We have a sort of promise that these records of the Ionia County Comissioners of the Poor will one day be microfilmed so that they can again become available locally. Perhaps in these days of tight state bugets it is too much to hope that the microfilming will be soon. My impression is that there at least 200 pages in the book.
As a result of all this stir, another development has shed some light on the history of that quarter acre burial plot in Ronald. The first settler in Ronald Township was Joshua Shepard. This is noted in the Schenek History of Ionia and Montcalm Counties. Shepard took up land from the U. S. Government. Perhaps pioneering in that forested wilderness was too much for him. From a descendant of his we now learn that he died and was buried on his farm in 1837. Court House records show that title to the farm went from Shepard to David Baldie. In 1856 Baldie sold the farm to the County of Ionia for its first poor farm. Baldie, however, made a reservation of that little quarter acre for cemetery purposes and that is the last entry in the Register of Deeds office for the cemetery.

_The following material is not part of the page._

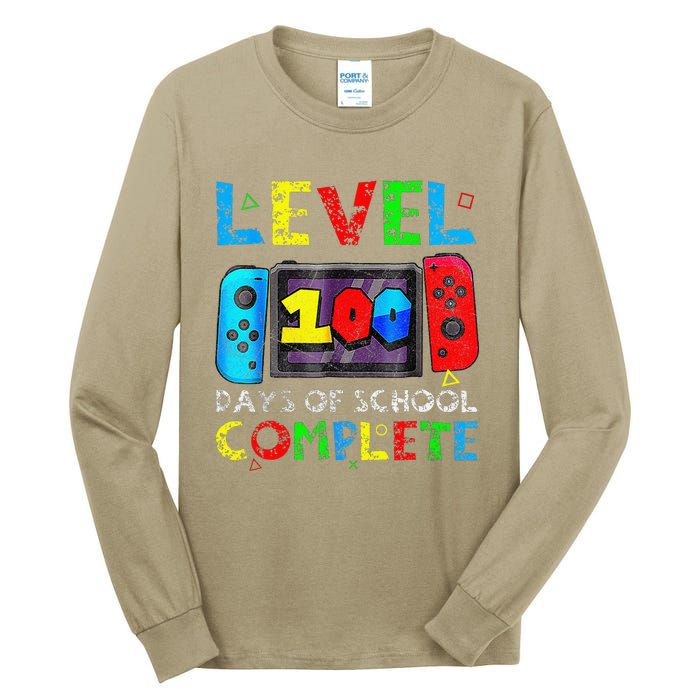 Level 100 Days Of School Complete Gamer Video Games Tall Long Sleeve T-Shirt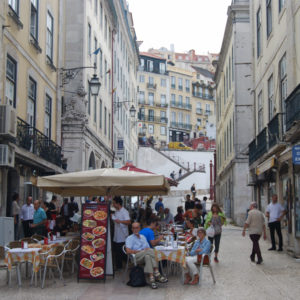 Intersection of Praca Dom Pedro IV and Calcada do Carmo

In 1907 the County sold the farm the cemetery excepted, to Normington, Normington to Welch and Welch to Wittenbach. With no other claimants, the three adjoining property owners have now quit claimed it in favor of Ionia County.
Somehow we have to raise some money to set up a marker on each of these cemeteries-- perhaps even list the names of the known burials-to protect then from other use by unknowing persons in the future. Wish us luck and a financial boost if you feel inclined.
Robert W. Gierman
GETTING THE CEMETARY MARKER UP - DEDICATI0N SET FOR OCT0BER 7,1984
At last, the marker for the Ionia County Infirmary Cemetery at the former Poor House site, but now cornering the new State Park picnic area on Riverside Drive, some three miles west of lonia, is in place and will be dedicated Sunday, October 7 at 4 P.M. Everybody is invited to the dedication, especially the contributors to the $l200 fund that was raised for the marker.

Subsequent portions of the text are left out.